To the traveler, the design district offers both delights and dilemmas. At best, it gets you off the beaten path, offering a kind of to-the-trade, behind-the-scenes look at the studios and showrooms where creative people aren’t trying to sell you on anything, but are busy selling — and inspiring — one another. At worst, it leaves you stuck in style — in a global Brooklyn where the same digitally distributed hipsterish aesthetic is always available for purchase — wondering whether you’ve left one bubble for another.
Carrying my cooling cappuccino in its smartly branded paper cup along Maboneng’s main drag, I thought it over. The precinct’s revival might have been wholly strategized, and commercially as well as culturally driven, but its effect was real and inspiring, clearly animating the lives of locals, not just tourists. Next to the stuff you could find anywhere was stuff you could find only there — especially fashions and fabrics with their own regional vision and vernacular heritage.
On the neighborhood map, the district’s boundaries appear sharply drawn, but as I walked along them, I found something more open-ended. Certain features, like the private security services so visible throughout much of Johannesburg, faded out a little, but the perimeter was also full of lively businesses and crowded sidewalks that weren’t necessarily part of anyone’s master plan.

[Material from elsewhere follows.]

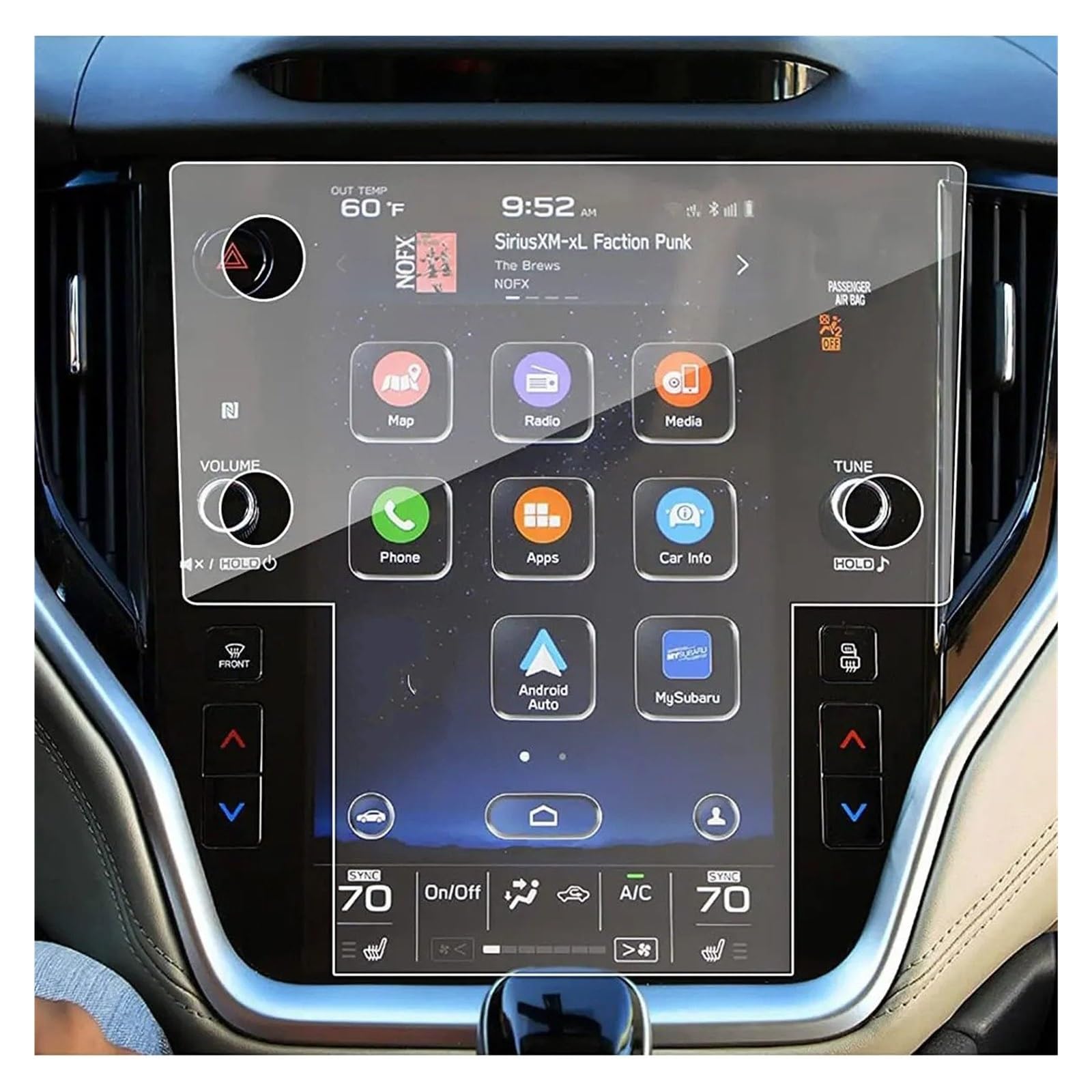 Instrumententafel Schutzfolie 11,6 Zoll 3 Löcher Touch Screen Anti-Scratch Gehärtetes Glas GPS Screen Protector Für Subaru Für Outback Für Legacy 2020 + 2021 2022 2023 GPS Schutzfolie von DELORM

The district had catalyzed more than just aesthetic expression. Design, unlike style, isn’t a matter of perfect visualization and control: it’s a choreography between planned and unplanned, invention and discovery, top-down and bottom-up, generic and specific, synthetic and organic. Walking the edges of Maboneng is a reminder that it’s at the complicated border of any design district that the real work of urban design begins.